Should someone go on this journey toward being a woman of influence alone, or does it help to have others included? 

If you would’ve told me that at 20 years old I’d be leading a company, I would’ve said you were crazy. No one in my my family had ever done that. The only reason I was able to do that is because I had amazing mentors and friends and advisors and peers who helped me along the way, through the good times and especially in the tougher situations. If you don’t have a mentor, get one. Mentorship is really important and you’ll need different mentors along the way, because your circumstances will change and the advice that you need will change. And while you are making sure you have a couple of mentors throughout your career, don’t forget to also be one. Women need help and encouragement.

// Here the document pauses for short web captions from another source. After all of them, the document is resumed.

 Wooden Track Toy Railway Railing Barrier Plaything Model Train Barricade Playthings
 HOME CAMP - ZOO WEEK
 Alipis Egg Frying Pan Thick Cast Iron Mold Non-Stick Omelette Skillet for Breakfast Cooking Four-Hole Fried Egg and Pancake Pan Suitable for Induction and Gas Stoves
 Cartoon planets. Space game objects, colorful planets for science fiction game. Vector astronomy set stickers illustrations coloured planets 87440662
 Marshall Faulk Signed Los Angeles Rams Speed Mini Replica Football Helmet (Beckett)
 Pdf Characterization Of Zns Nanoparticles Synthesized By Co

A couple of times throughout my life, a trusted person would tap me on the shoulder and say, ‘You can do more.’ If they hadn’t done that, I wouldn’t have known that I could, in fact, do more. I tried to spend my whole career finding those people to say, ‘You can do more.’ It’s amazing how humble people are and until somebody tells you that you can push yourself to do more, you may not know what you’re capable of. 

What is one thought or piece of advice that you want our readers to remember most from everything we’ve talked about? 

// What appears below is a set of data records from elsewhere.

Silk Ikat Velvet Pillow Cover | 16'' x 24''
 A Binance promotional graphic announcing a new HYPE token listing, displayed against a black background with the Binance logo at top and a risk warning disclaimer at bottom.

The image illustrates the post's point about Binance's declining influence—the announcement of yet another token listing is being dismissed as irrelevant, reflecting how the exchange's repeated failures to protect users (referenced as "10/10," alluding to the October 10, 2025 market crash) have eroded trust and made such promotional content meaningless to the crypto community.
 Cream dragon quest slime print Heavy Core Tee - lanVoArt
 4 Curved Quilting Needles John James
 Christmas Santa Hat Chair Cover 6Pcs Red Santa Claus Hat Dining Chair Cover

That’s pretty easy! I have spent a career studying people and the power of human potential. What I’ve learned is that most people do get what they want in life, but they sell themselves too short. What I mean is that they set short-term goals, like wanting a new refrigerator, or a new car…and that’s the extent of their dreaming. I would encourage everyone that’s reading this to be bold and think bigger. Five or ten years from now, if all your dreams aligned, what do you want to achieve personally, professionally, spiritually?  

We need more women leaders. We just do. If you’re even just a little bit open to taking that next manager job, or VP job, then why can’t you run a company? I promise you that no one running a company today thought that they could do that when they were 15, 20, or 25 years old.  They had the big plan, took baby steps, and did the work. So I would encourage y’all to be bold, dream big, and go after those dreams.

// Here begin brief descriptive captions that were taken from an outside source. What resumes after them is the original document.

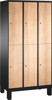 Bild von Garderobenschrank doppelstöckig, 6 Fächer S3000 Evolo mit 300 mm Abteilbreite, mit Füßen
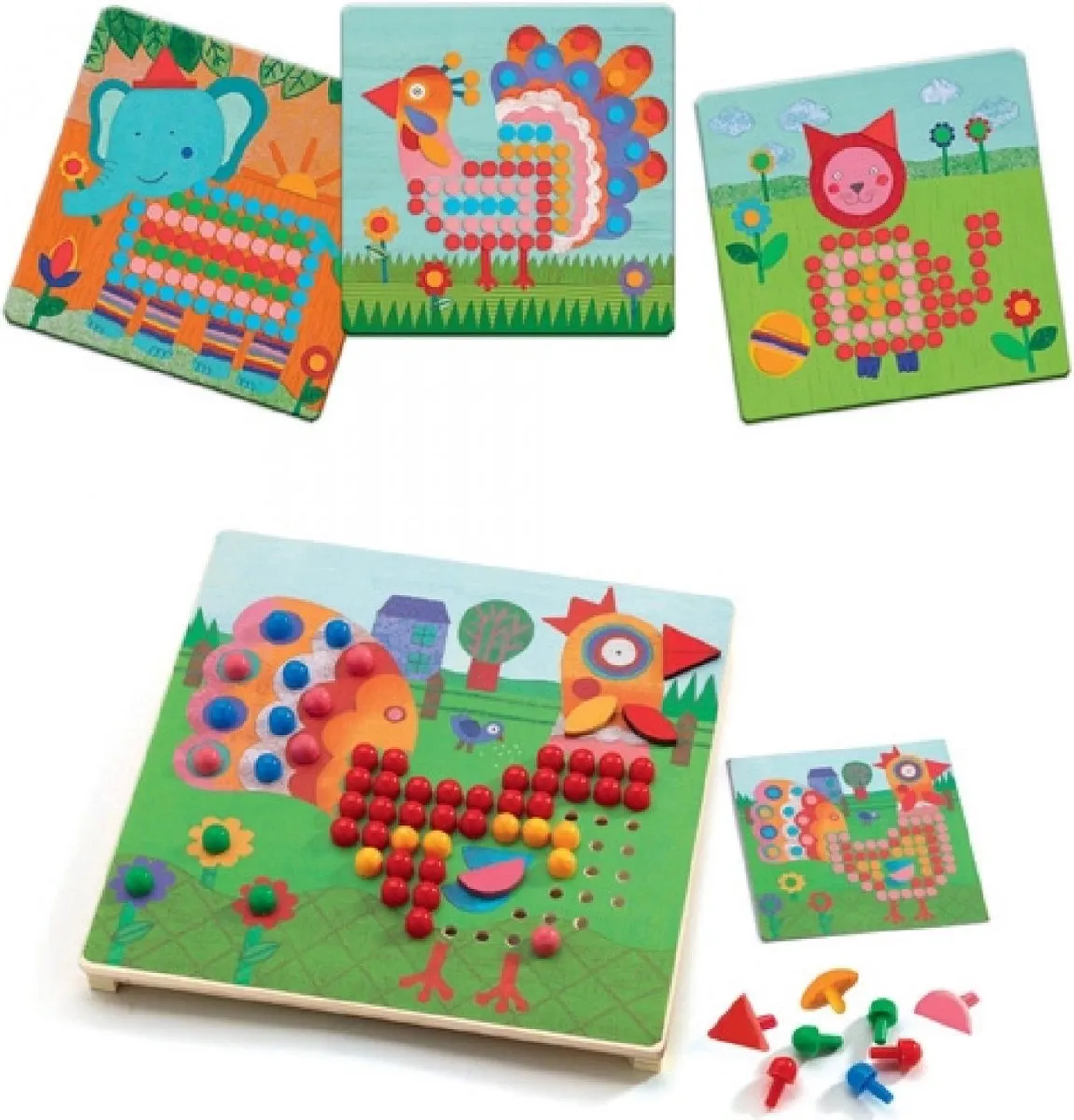 Djeco Mosaïco Animo - 8 Sjablonen & 200 Knopjes - Multicolor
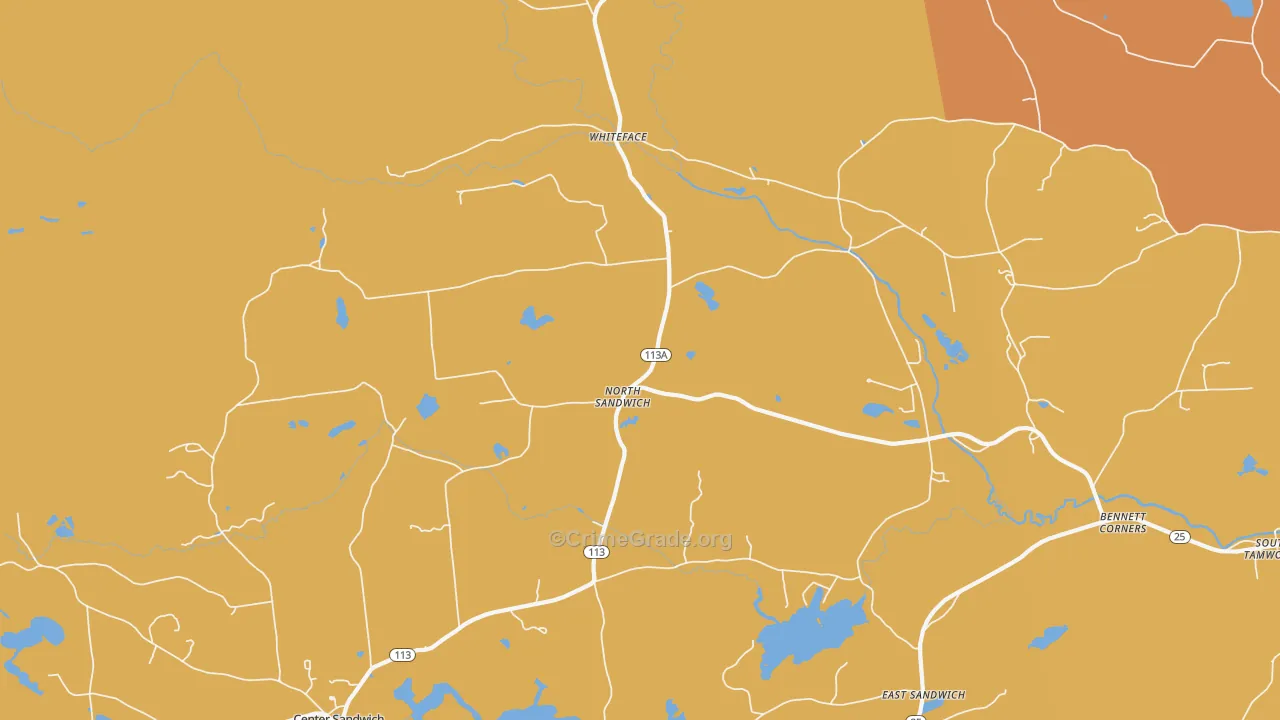 North Sandwich, NH Map of Burglary Rates
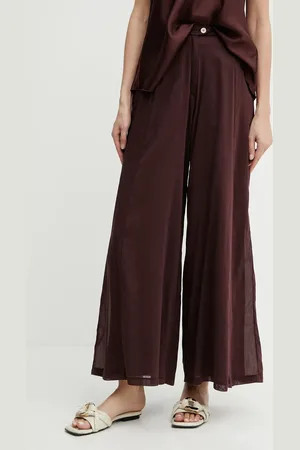 FORTE FORTE Kalhoty z hedvábné směsi dámské, vínová barva, střih culottes, high waist, 13897 my pants
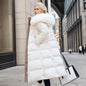 Winter Slim Long Jacket With Fur Hood And Belt For Women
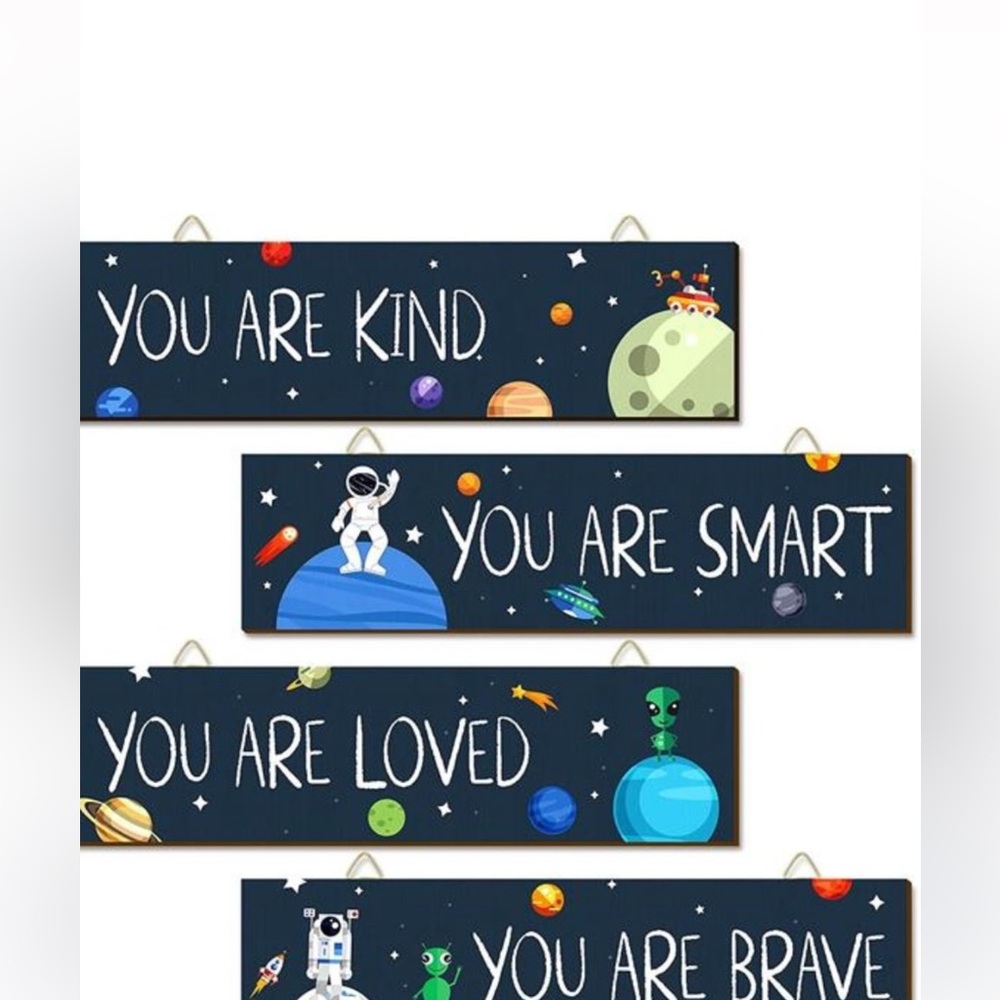4 Pieces Inspirational Wall Art Decor Space Themed Bedroom Decor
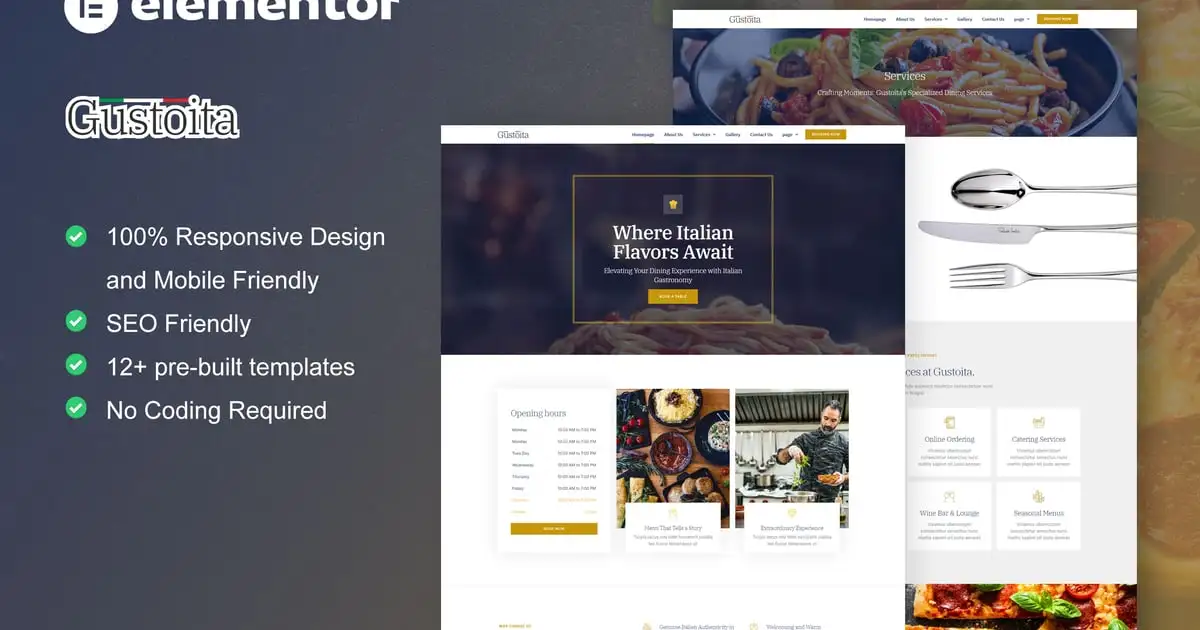 Gustoita – Italian Restaurant Elementor Template Kit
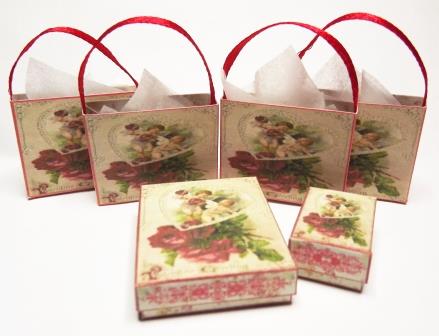 DOLLS HOUSE VINTAGE VALENTINES 4 BAGS & 2 BOXES KIT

Specializing in accelerating go-to-market teams and top line revenue growth, Tracey Newell serves on the board of five high growth software companies, to include Sailpoint, Sumo Logic, Druve, Highspot and DataRobot. Tracey also serves as an advisor for Blackrock Long Term Private Capital.

Tracey is the former president of Informatica, where she served as a member of Informatica’s board of directors for two years, prior to being asked to join Informatica’s management team. As president of Informatica, Tracey was responsible for sales, marketing, revenue operations, and customer success.

Prior to joining Informatica, Tracey was EVP of global field operations at Proofpoint, where she led sales through a five-year period of hypergrowth from 96M to 700M. Recognized as a Top 100 Sales Leader by The Modern Sale, Tracey led Proofpoint’s go-to-market team to became a top five leader in the cybersecurity market. Before Proofpoint, Tracey was EVP of global sales at Polycom. She has also held sales leadership positions at Juniper Networks, Webex, and Cisco Systems. During her tenure at Cisco, Tracey was recognized by the organization Women Worth Watching.

From a philanthropic standpoint, Tracey is on the board of advisors for the University of California, Santa Barbara’s economic department, providing counsel on long term strategy for the department. Tracey has also served in non-profit organizations to include Impact 100, whose mission is to unite women to make a difference in our communities, as well as the National Charity League. Tracey graduated with honors from the University of California, Santa Barbara, and completed Stanford’s 26th Annual Directors College in June 2021.

Tracey is married to Vince Newell, together for 30+ years, and is blessed with two adult daughters, Megan (28) and Brittany (25).